→ **WORK TO COMPLETE**: Working from the records below, repeat exactly the lines starting at the line that contains "Diabetic Dessert Cookbook by Anna Bright" and ending at the line that contains "Cover image for Environment Betrayed", inclusive.

→ **DATASET ENTRIES**:
┄┄┄┄┄┄┄┄┄┄
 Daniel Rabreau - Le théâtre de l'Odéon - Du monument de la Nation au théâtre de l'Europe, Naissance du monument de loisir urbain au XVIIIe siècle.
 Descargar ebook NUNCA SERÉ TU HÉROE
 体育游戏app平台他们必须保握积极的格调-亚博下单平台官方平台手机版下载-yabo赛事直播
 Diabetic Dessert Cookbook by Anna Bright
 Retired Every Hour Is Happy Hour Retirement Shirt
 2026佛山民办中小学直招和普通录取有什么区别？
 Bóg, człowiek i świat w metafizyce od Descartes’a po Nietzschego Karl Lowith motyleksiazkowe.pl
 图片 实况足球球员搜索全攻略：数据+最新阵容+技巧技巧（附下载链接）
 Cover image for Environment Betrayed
┄┄┄┄┄┄┄┄┄┄
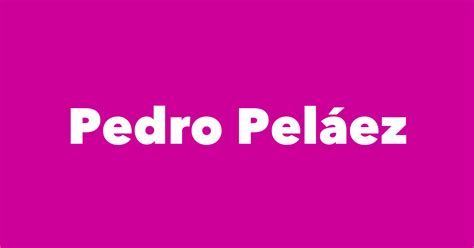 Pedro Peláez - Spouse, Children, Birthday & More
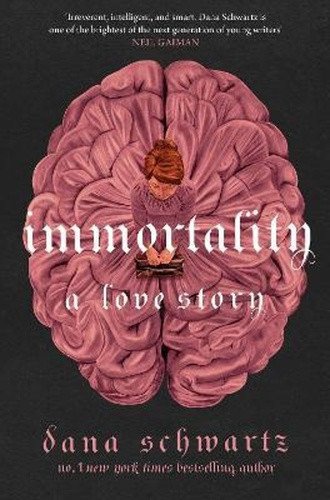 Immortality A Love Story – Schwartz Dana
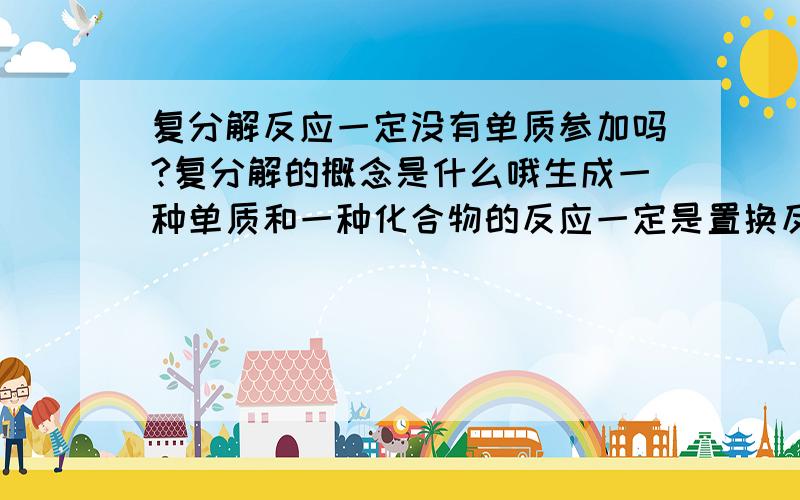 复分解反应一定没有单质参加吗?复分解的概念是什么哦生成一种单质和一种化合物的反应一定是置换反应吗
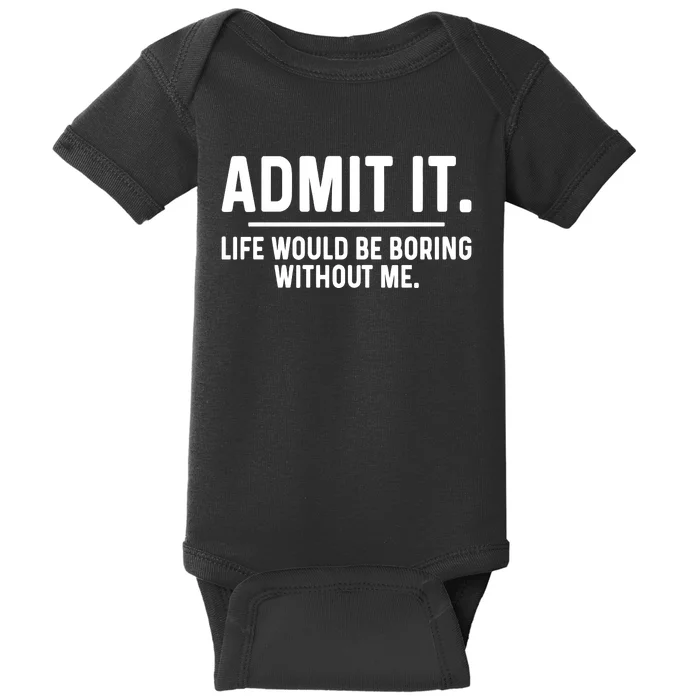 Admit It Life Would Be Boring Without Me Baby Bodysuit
┄┄┄┄┄┄┄┄┄┄
→ **RESPONSE TO THE EXERCISE**:
 Diabetic Dessert Cookbook by Anna Bright
 Retired Every Hour Is Happy Hour Retirement Shirt
 2026佛山民办中小学直招和普通录取有什么区别？
 Bóg, człowiek i świat w metafizyce od Descartes’a po Nietzschego Karl Lowith motyleksiazkowe.pl
 图片 实况足球球员搜索全攻略：数据+最新阵容+技巧技巧（附下载链接）
 Cover image for Environment Betrayed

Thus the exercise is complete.